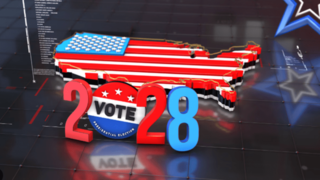 نامزدهای احتمالی انتخابات ریاست‌جمهوری ۲۰۲۸ آمریکا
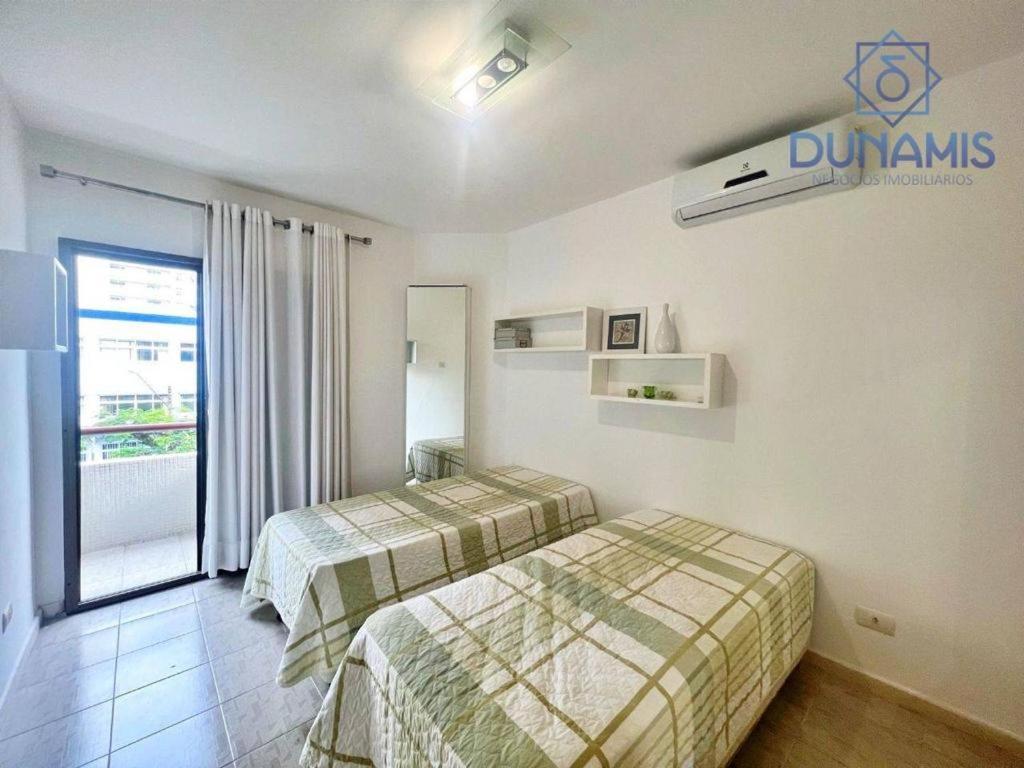 Appartement Guaruja Pitangueiras Extérieur photo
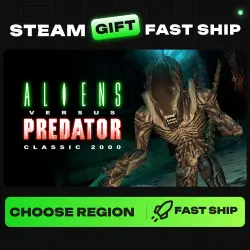 Aliens versus Predator Classic 2000 | REGION SELECTION |STEAM GIFT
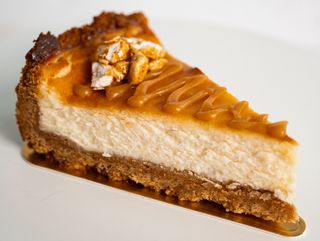 Чизкейк New-York/ Cheesecake New York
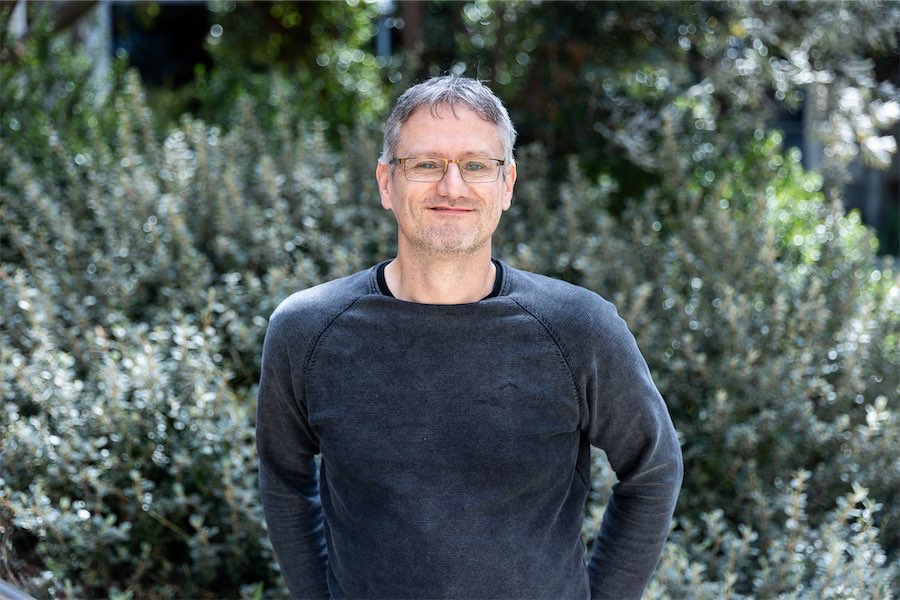 Professor’s ‘elegant codes’ speed data research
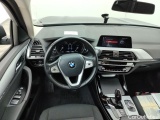  Bmw  X3 BMW  xDrive20d (120 kW) 5d #9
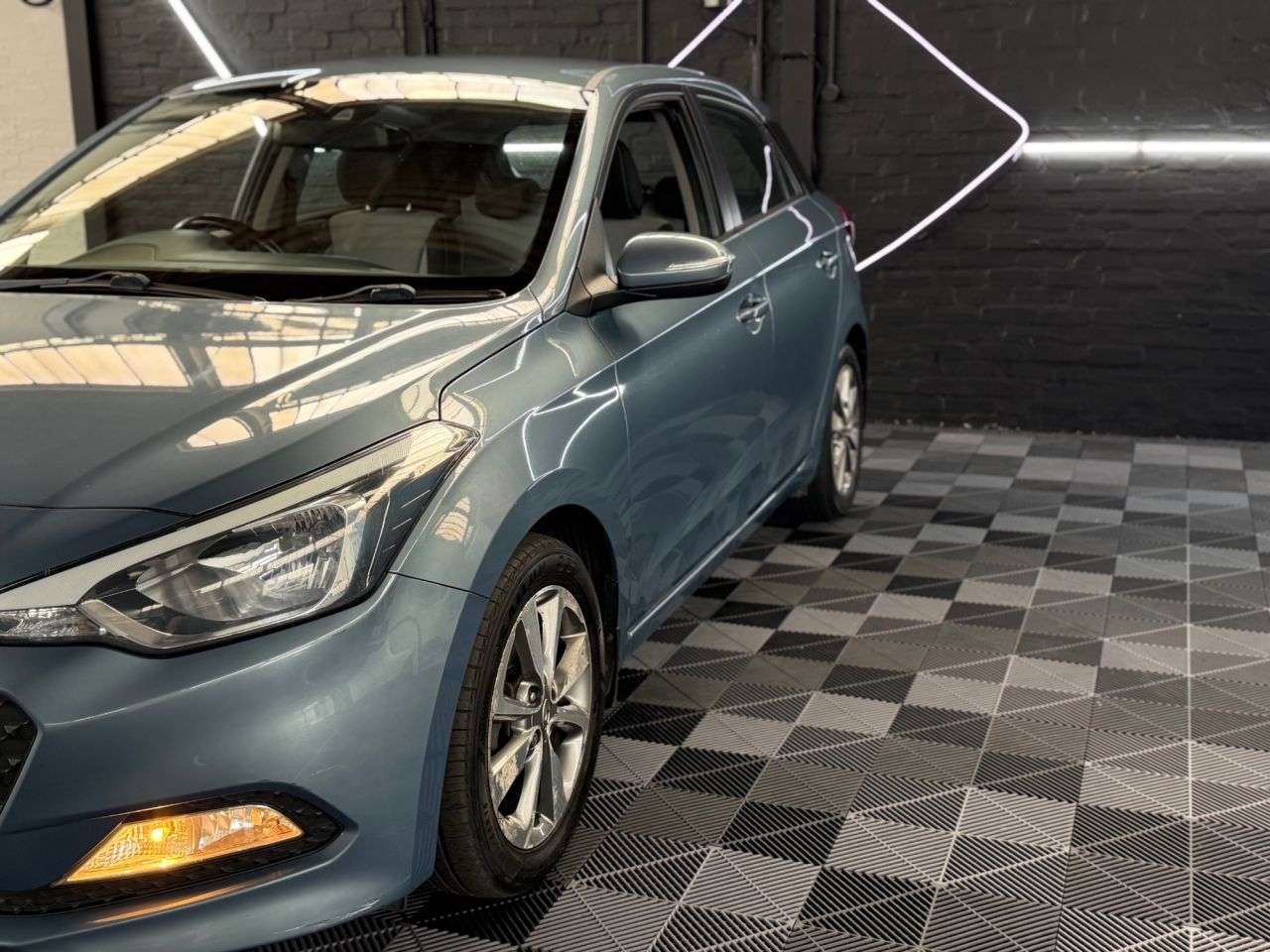 2015 HYUNDAI I20 2015 HYUNDAI I20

> What you are asked to do: Leaving each image aside, repeat the listing above exactly.

> Response to the task:
 نامزدهای احتمالی انتخابات ریاست‌جمهوری ۲۰۲۸ آمریکا
 Appartement Guaruja Pitangueiras Extérieur photo
 Aliens versus Predator Classic 2000 | REGION SELECTION |STEAM GIFT
 Чизкейк New-York/ Cheesecake New York
 Professor’s ‘elegant codes’ speed data research
  Bmw  X3 BMW  xDrive20d (120 kW) 5d #9
 2015 HYUNDAI I20 2015 HYUNDAI I20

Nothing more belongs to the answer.